Scraped caption text data:
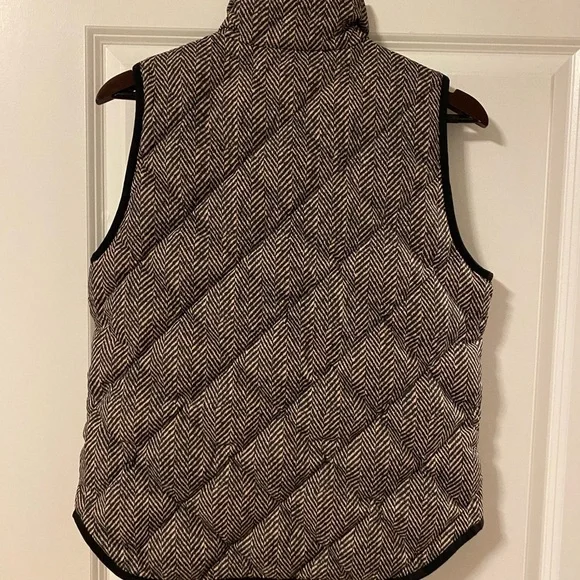 J. Crew Black and White Quilted Vest - Picture 5 of 5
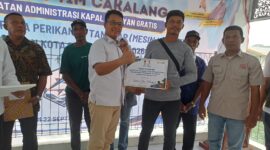 Wakil Ketua I DPRD Batam, Aweng Kurniawan saat memberikan bantuan kepada warga Belakang Padang, Selasa (22/9/2026). Foto:Istimewa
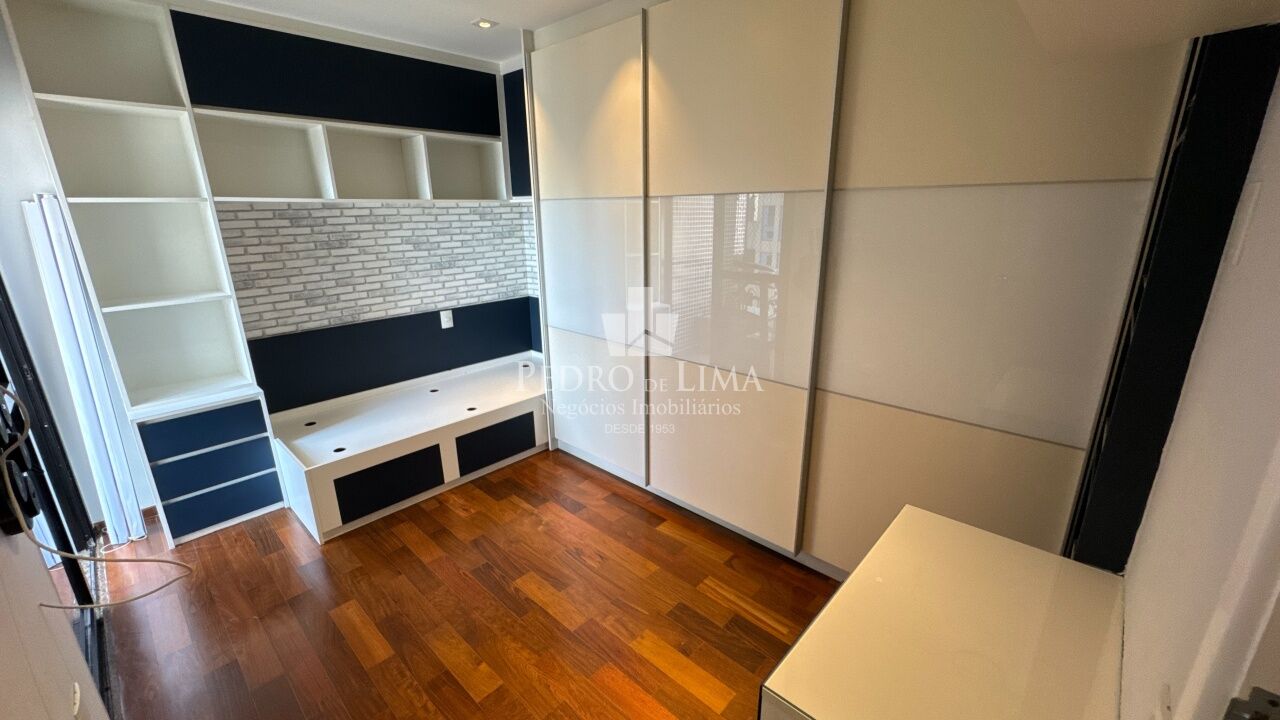 Lindíssimo apartamento no Anália Franco, edif. Firenze, 128,00m2, 2 vagas - totalmente reformado    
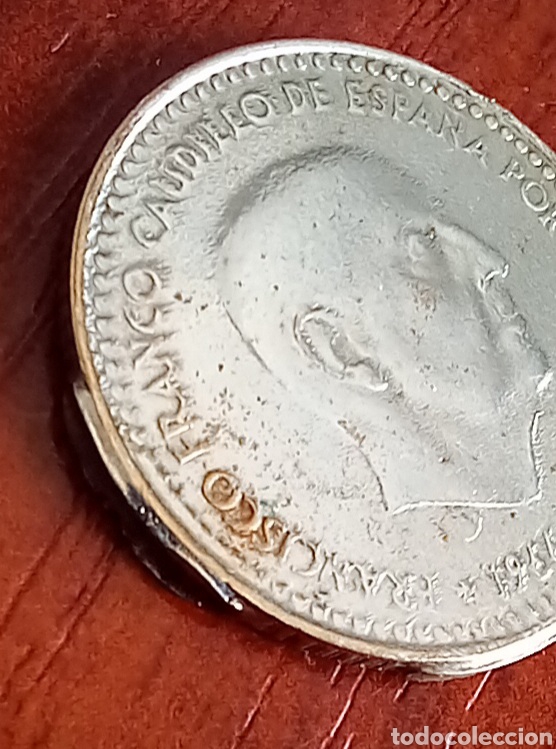 Monedas Franco: Moneda de 1 peseta de 1966 * 72 con error - Foto 3
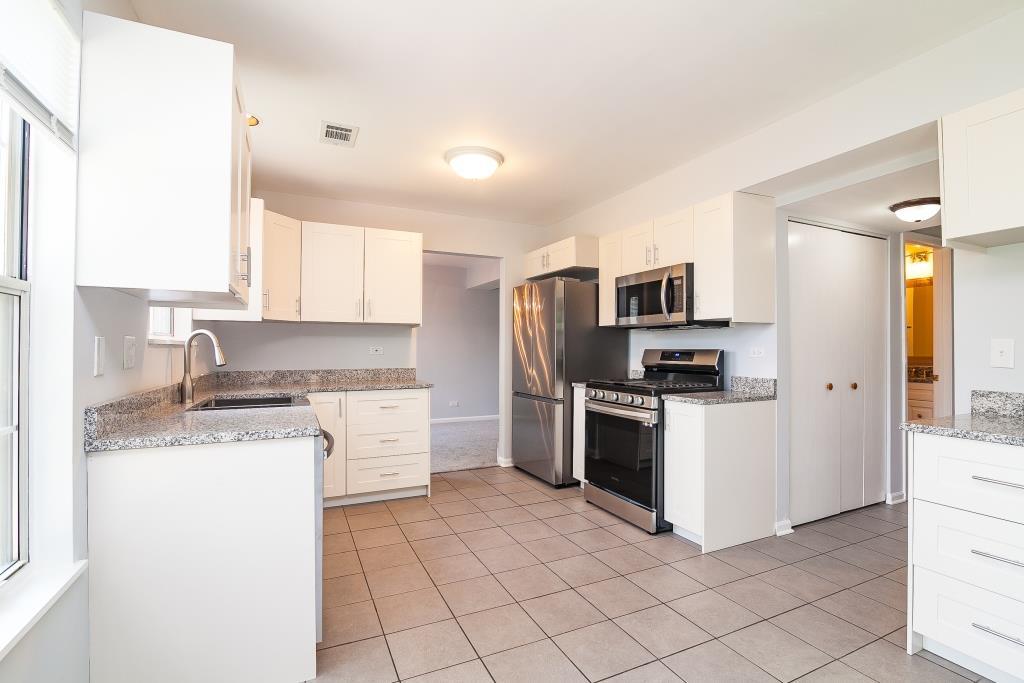 109 South Southport Road Mundelein, IL 60060 - Photo 5 of 16 a kitchen with granite countertop cabinets stainless steel appliances and a counter space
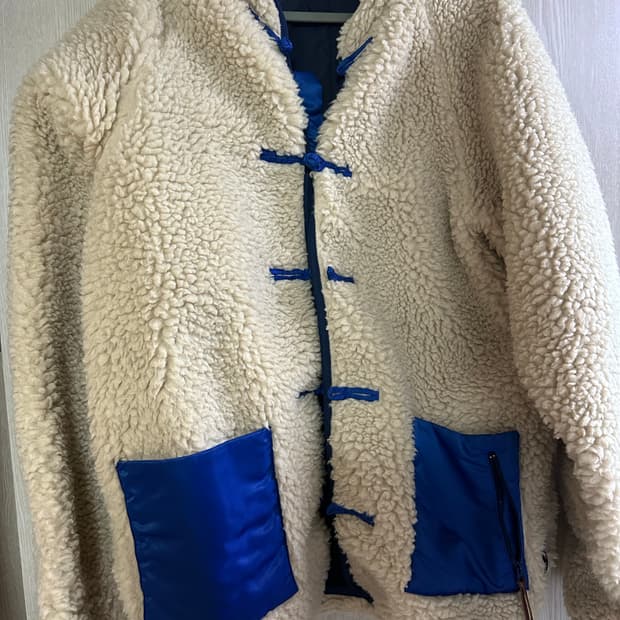 [3]캐피탈 마카나이 보아 후리스 자켓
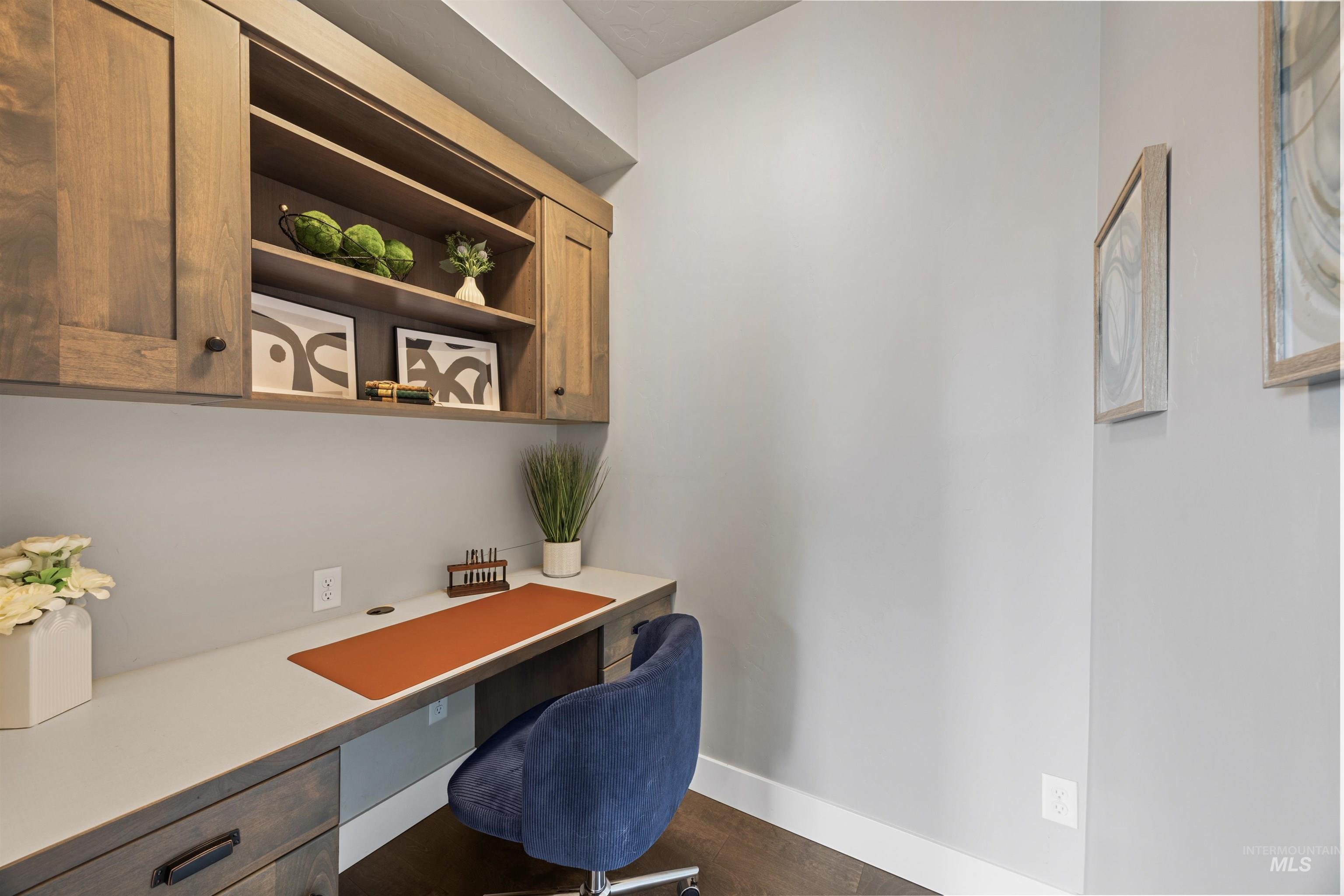 4252 E Parkcenter Blvd, Boise, Idaho 83716, 3 Bedrooms, 2.5 Bathrooms, Residential For Sale, Price $725,000, 98980620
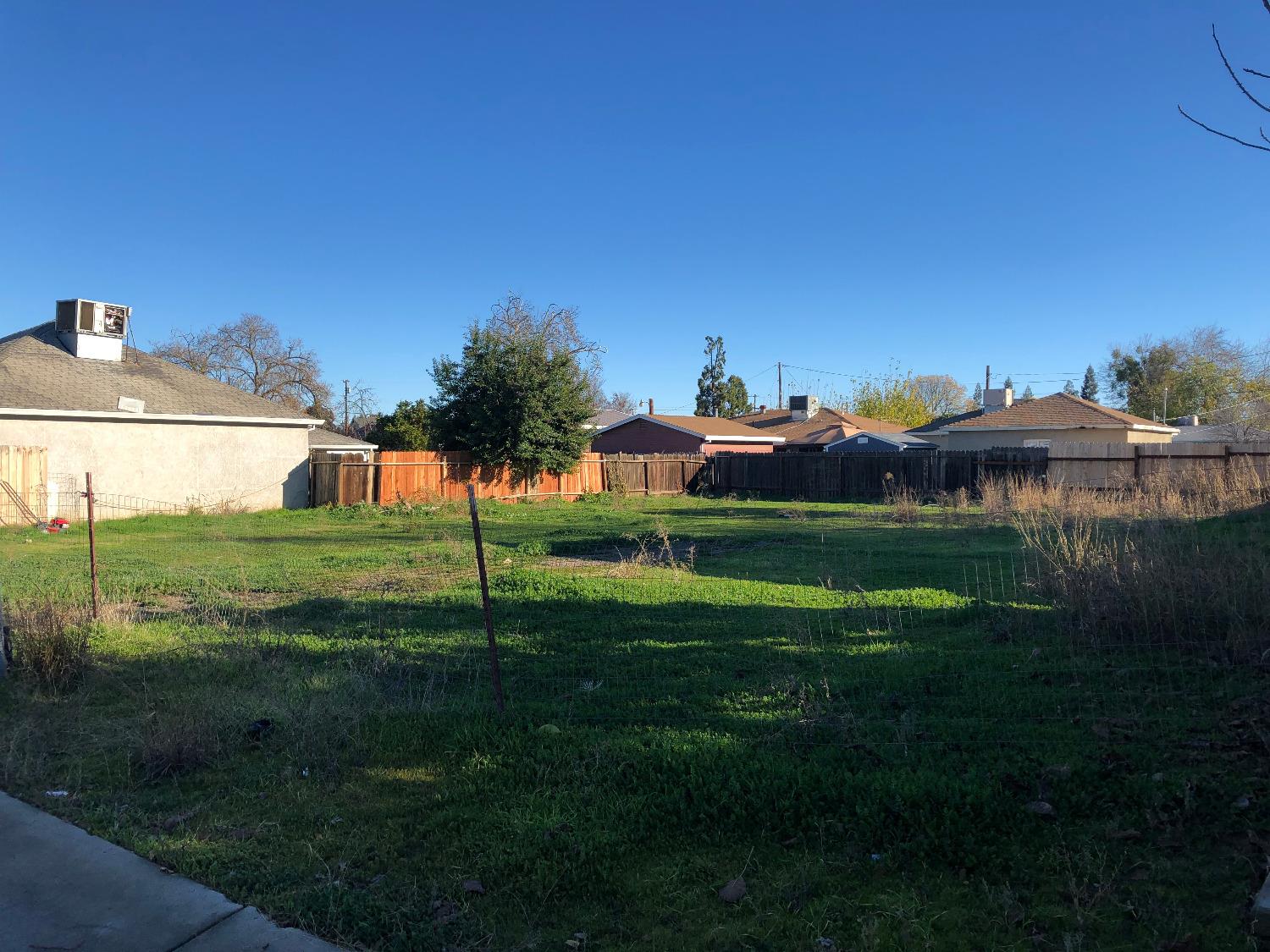 Grant Way, Yuba City, California image 3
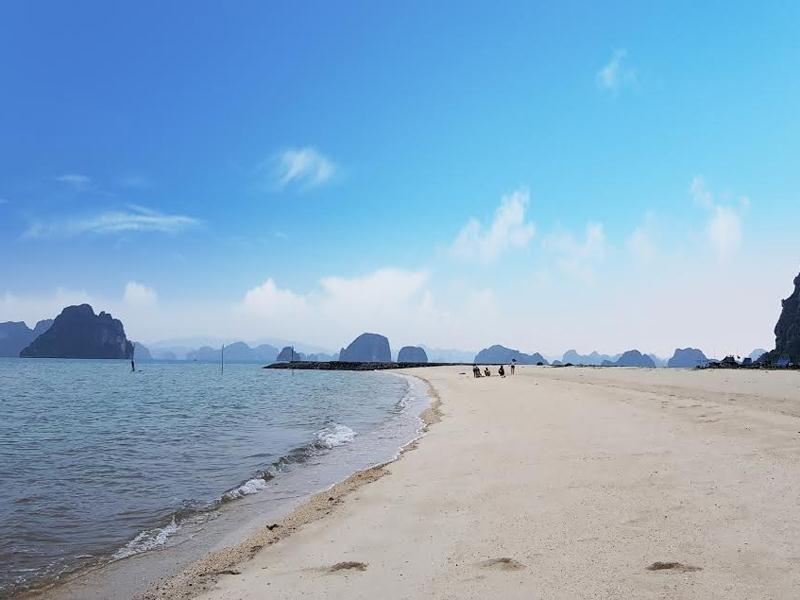 Một góc bãi biển thuộc Khu du lịch sinh thái Bái Tử Long.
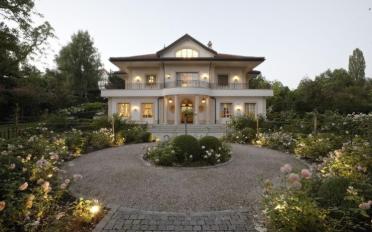 Einfamilienhaus 15 Zimmer - image - 1
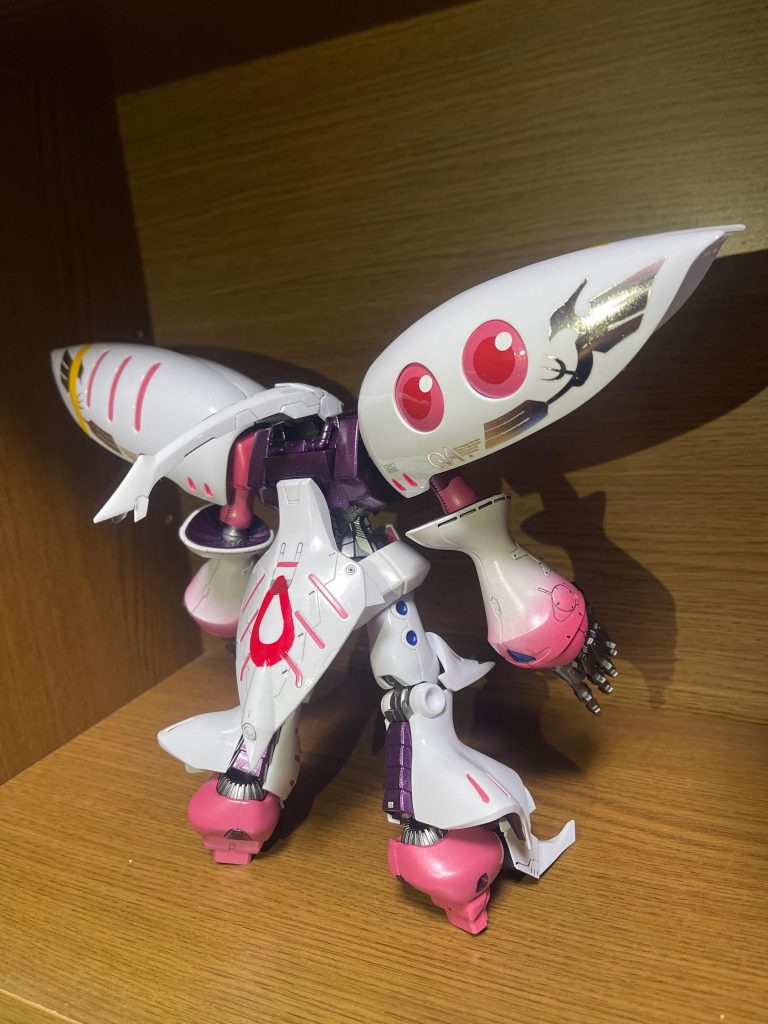 ファンネルコンテナには背中のマークを付けました。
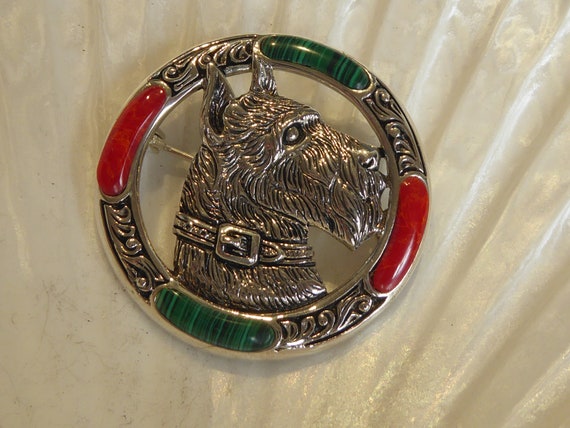 スターリングシルバー スコットランドテリア ペンダント ネズミ入り M 金属　並行輸入品 手作りのスターリングシルバー製スコティッシュテリアペンダント：彫刻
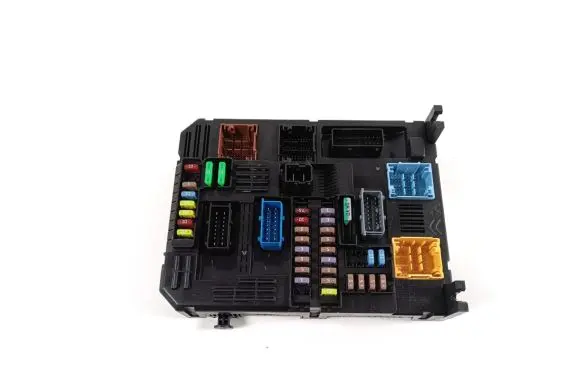 Citroen C4 X Fuse module 9832881080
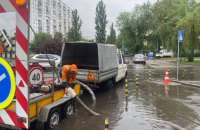 У Києві – підтоплення вулиць унаслідок зливи. Дощ очікується до ночі
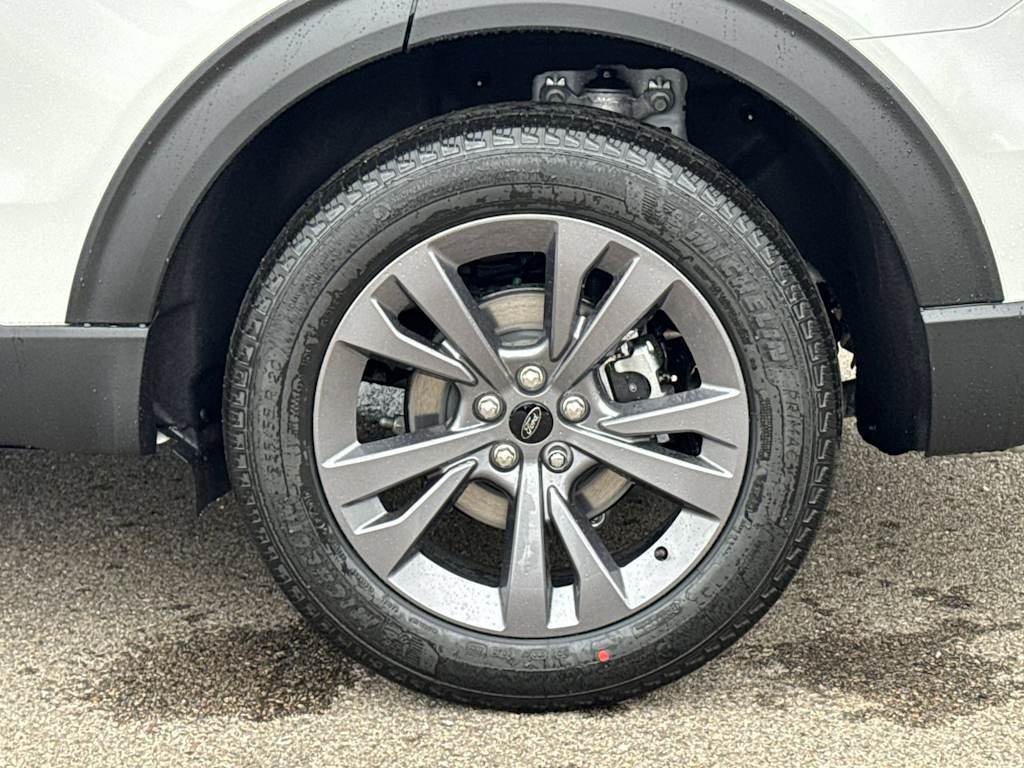 Thumbnail: 2026 Ford Explorer - 8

What the task requires:
Transcribe each line above exactly, pictures excluded.

Final answer:
 J. Crew Black and White Quilted Vest - Picture 5 of 5
 Wakil Ketua I DPRD Batam, Aweng Kurniawan saat memberikan bantuan kepada warga Belakang Padang, Selasa (22/9/2026). Foto:Istimewa
 Lindíssimo apartamento no Anália Franco, edif. Firenze, 128,00m2, 2 vagas - totalmente reformado    
 Monedas Franco: Moneda de 1 peseta de 1966 * 72 con error - Foto 3
 109 South Southport Road Mundelein, IL 60060 - Photo 5 of 16 a kitchen with granite countertop cabinets stainless steel appliances and a counter space
 [3]캐피탈 마카나이 보아 후리스 자켓
 4252 E Parkcenter Blvd, Boise, Idaho 83716, 3 Bedrooms, 2.5 Bathrooms, Residential For Sale, Price $725,000, 98980620
 Grant Way, Yuba City, California image 3
 Một góc bãi biển thuộc Khu du lịch sinh thái Bái Tử Long.
 Einfamilienhaus 15 Zimmer - image - 1
 ファンネルコンテナには背中のマークを付けました。
 スターリングシルバー スコットランドテリア ペンダント ネズミ入り M 金属　並行輸入品 手作りのスターリングシルバー製スコティッシュテリアペンダント：彫刻
 Citroen C4 X Fuse module 9832881080
 У Києві – підтоплення вулиць унаслідок зливи. Дощ очікується до ночі
 Thumbnail: 2026 Ford Explorer - 8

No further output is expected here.